◆ ABOUT THIS TASK: Return exactly the lines from the start of the records below through the line containing "Welcome to this", both ends included, and leave out the pictures.

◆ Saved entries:
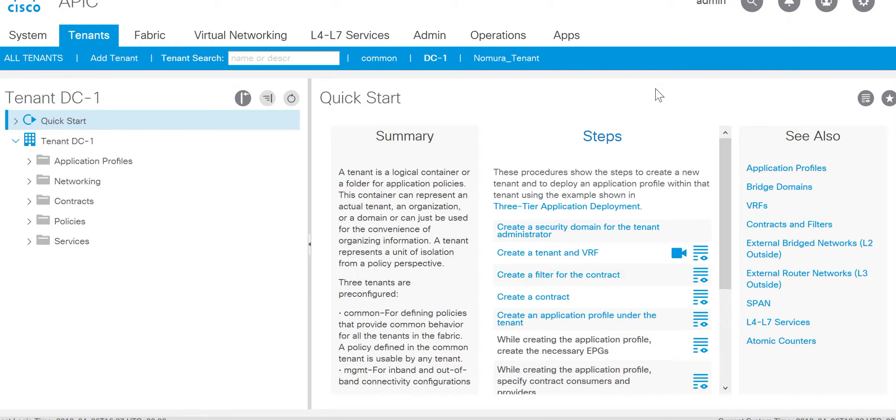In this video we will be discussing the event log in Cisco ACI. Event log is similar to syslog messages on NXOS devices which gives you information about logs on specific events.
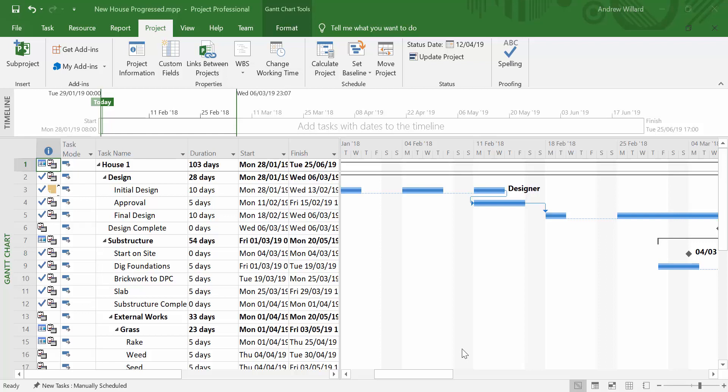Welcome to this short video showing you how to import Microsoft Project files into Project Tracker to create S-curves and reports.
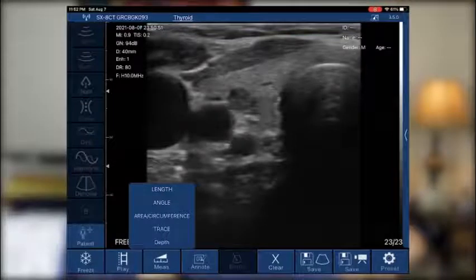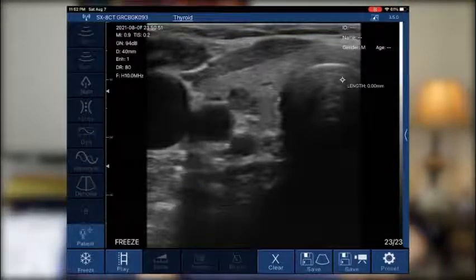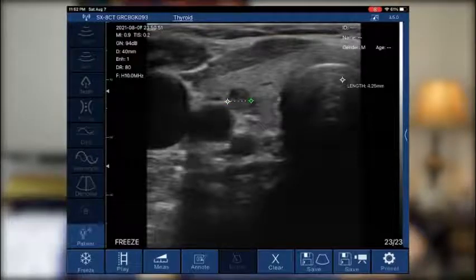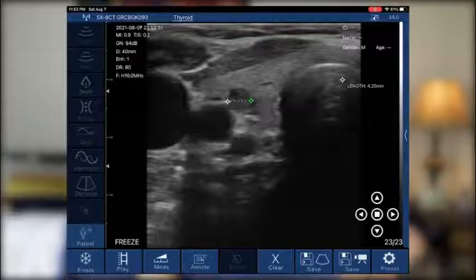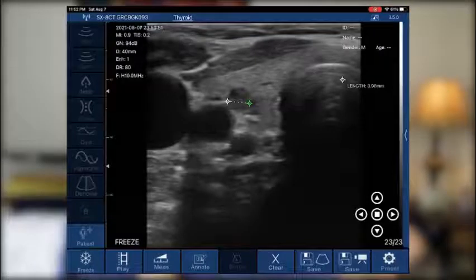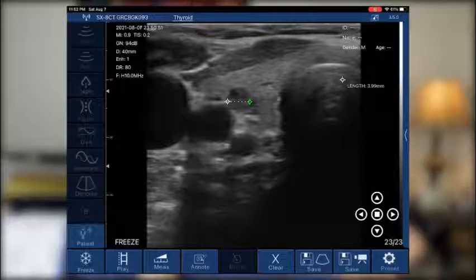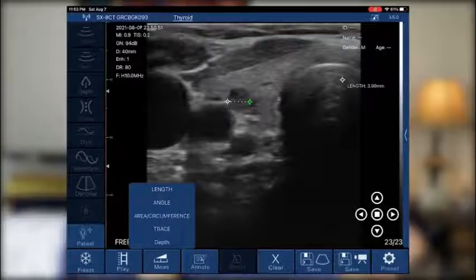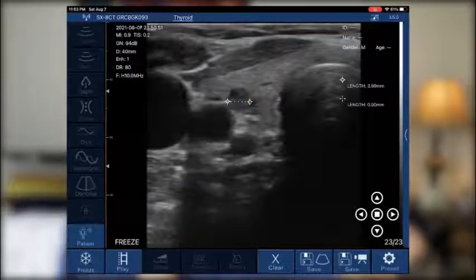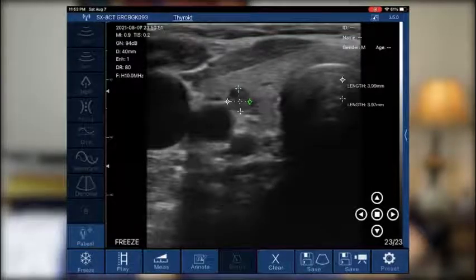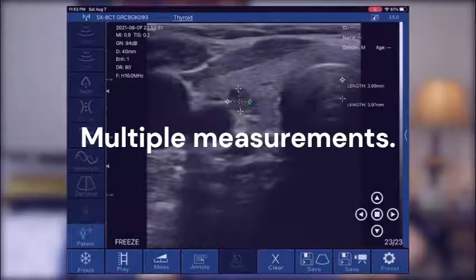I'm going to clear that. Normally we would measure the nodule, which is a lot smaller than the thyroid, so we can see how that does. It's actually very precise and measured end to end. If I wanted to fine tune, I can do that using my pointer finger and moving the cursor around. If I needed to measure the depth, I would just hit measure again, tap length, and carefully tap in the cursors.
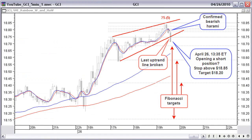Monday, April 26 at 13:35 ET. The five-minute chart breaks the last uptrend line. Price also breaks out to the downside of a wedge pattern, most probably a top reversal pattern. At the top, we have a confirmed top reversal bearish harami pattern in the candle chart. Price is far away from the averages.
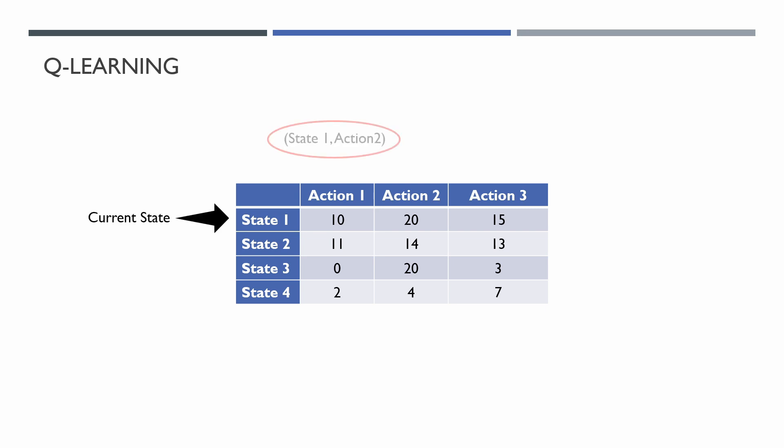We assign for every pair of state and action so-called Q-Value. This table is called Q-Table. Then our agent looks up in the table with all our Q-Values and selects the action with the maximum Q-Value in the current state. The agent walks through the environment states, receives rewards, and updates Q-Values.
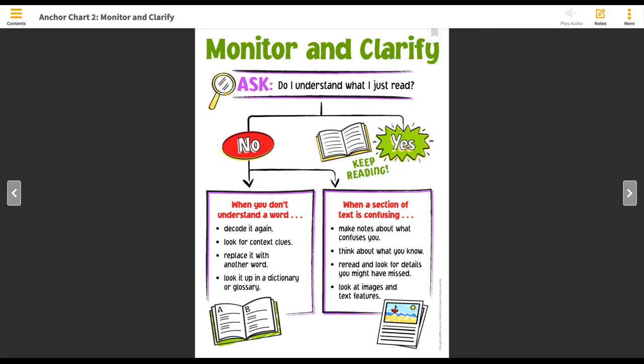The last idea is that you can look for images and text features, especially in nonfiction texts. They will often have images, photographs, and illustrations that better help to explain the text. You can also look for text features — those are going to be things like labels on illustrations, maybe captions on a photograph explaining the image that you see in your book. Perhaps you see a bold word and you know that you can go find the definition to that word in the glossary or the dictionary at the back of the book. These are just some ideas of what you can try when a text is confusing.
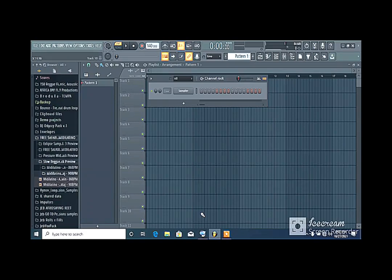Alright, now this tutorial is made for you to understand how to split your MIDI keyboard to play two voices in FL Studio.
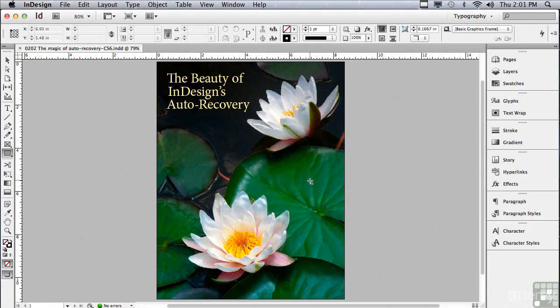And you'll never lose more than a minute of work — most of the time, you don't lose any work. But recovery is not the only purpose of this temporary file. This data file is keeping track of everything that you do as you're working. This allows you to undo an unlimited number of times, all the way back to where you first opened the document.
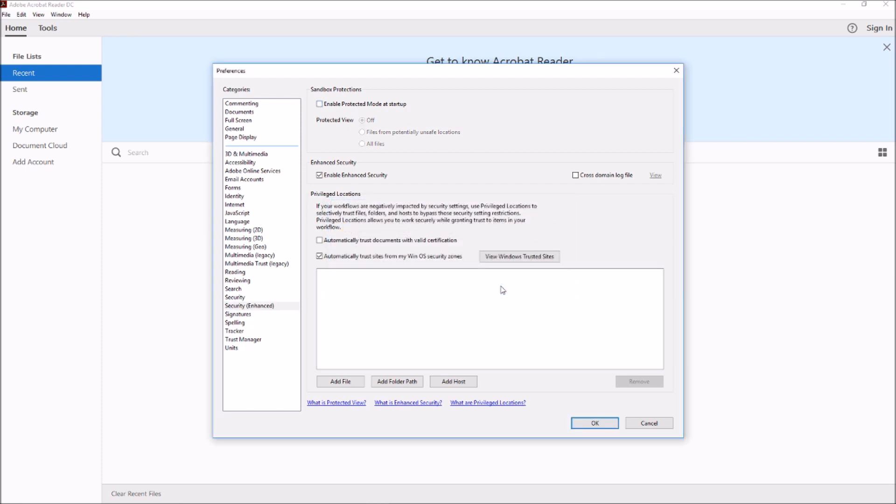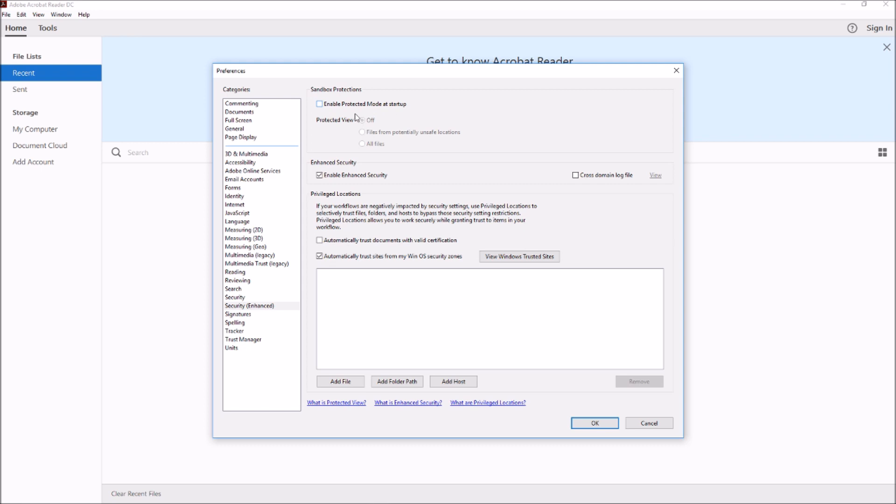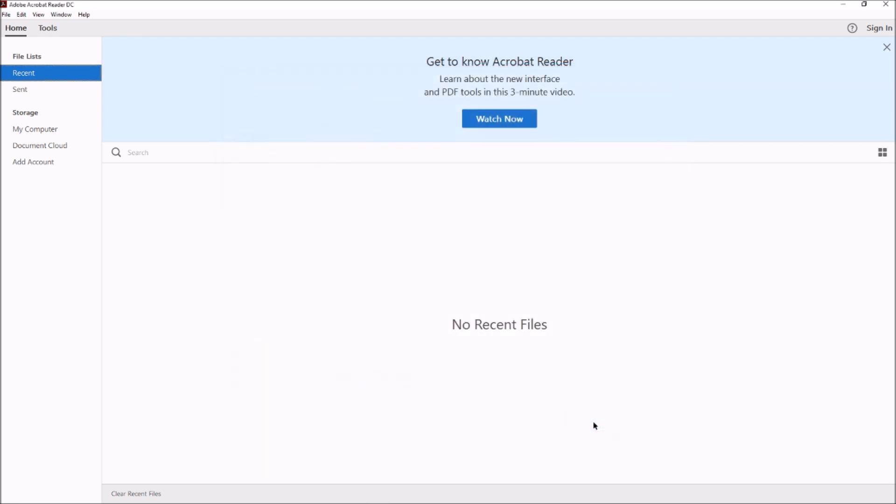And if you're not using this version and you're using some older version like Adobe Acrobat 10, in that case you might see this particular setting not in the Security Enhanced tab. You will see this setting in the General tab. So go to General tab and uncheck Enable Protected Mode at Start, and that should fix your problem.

◆ WRITTEN REPLY:
In this video we will be discussing the event log in Cisco ACI. Event log is similar to syslog messages on NXOS devices which gives you information about logs on specific events.
Welcome to this short video showing you how to import Microsoft Project files into Project Tracker to create S-curves and reports.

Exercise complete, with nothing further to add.